Peruvian Police Arrest Mario Antonio Sifuentes Sandoval, #2 Man of Shining Path Maoist Insurgents

Peru’s Interior Minister Miguel Hidalgo announced Wednesday December 29, 2010, the arrest of Mario Antonio Sifuentes Sandoval, who is also known as Comrade Sergio or Sergio.

Mario Sifuentes, second in command of the Shining Path maoist insurgent group, was captured on Wednesday in Alto Huallaga.

He previously served 12 years in prison on charges stemming from his activities with the Maoist group.

The Communist Party of Peru (Spanish: Partido Comunista del Perú), more commonly known as the Shining Path (Sendero Luminoso), is a Maoist organization in Peru.
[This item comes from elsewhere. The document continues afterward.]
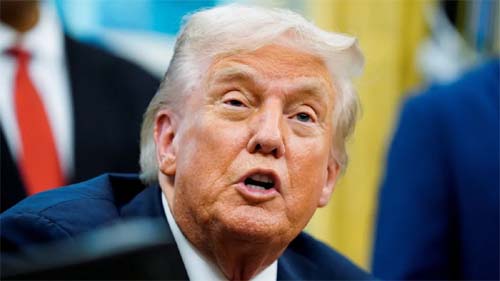 Pentágono aprova envio de mísseis de longo alcance para a Ucrânia sob decisão de Trump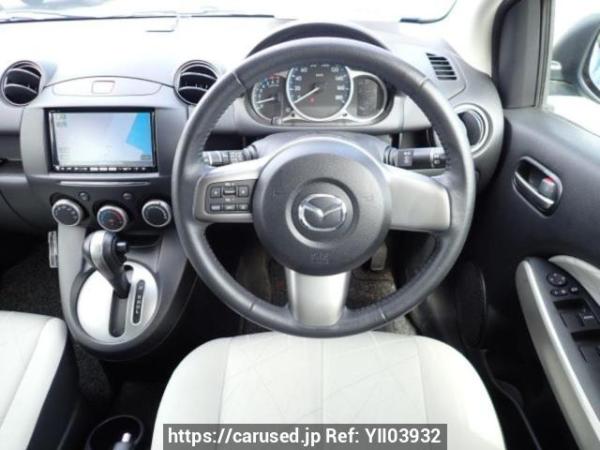Used 2011 AT mazda demio DEJFS Image[20]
When it first launched the internal conflict in Peru in 1980, its stated goal was to replace what it saw as bourgeois democracy with “New Democracy”. The Shining Path believed that by imposing a dictatorship of the proletariat, inducing cultural revolution, and eventually sparking world revolution, they could arrive at pure communism.
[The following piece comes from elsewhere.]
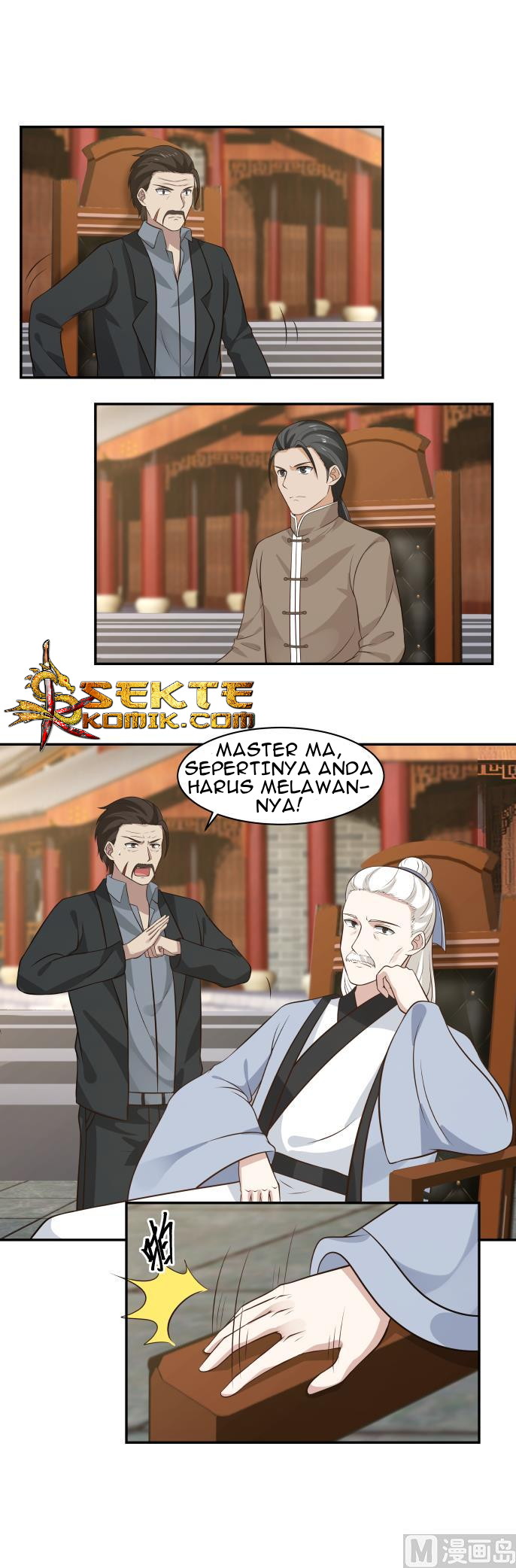 I Have a Dragon on My Body Chapter 119 Gambar 9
Sandoval is an associate of Shining Path Florencio Flores Hala, “Comrade Artemio,” who heads the guerrillas in the upper Huallaga valley in the Huanuco department of Peru.

The Shining Path is regarded by the Peruvian government as a terrorist organization for violence deployed against peasants, trade union organizers, popularly elected officials and the general civilian population.

Similar to the larger FARC in Colombia, some factions of Shining Path have reinvented themselves as a highly efficient cocaine-smuggling operation, with an ostensibly paternalistic relationship to villagers.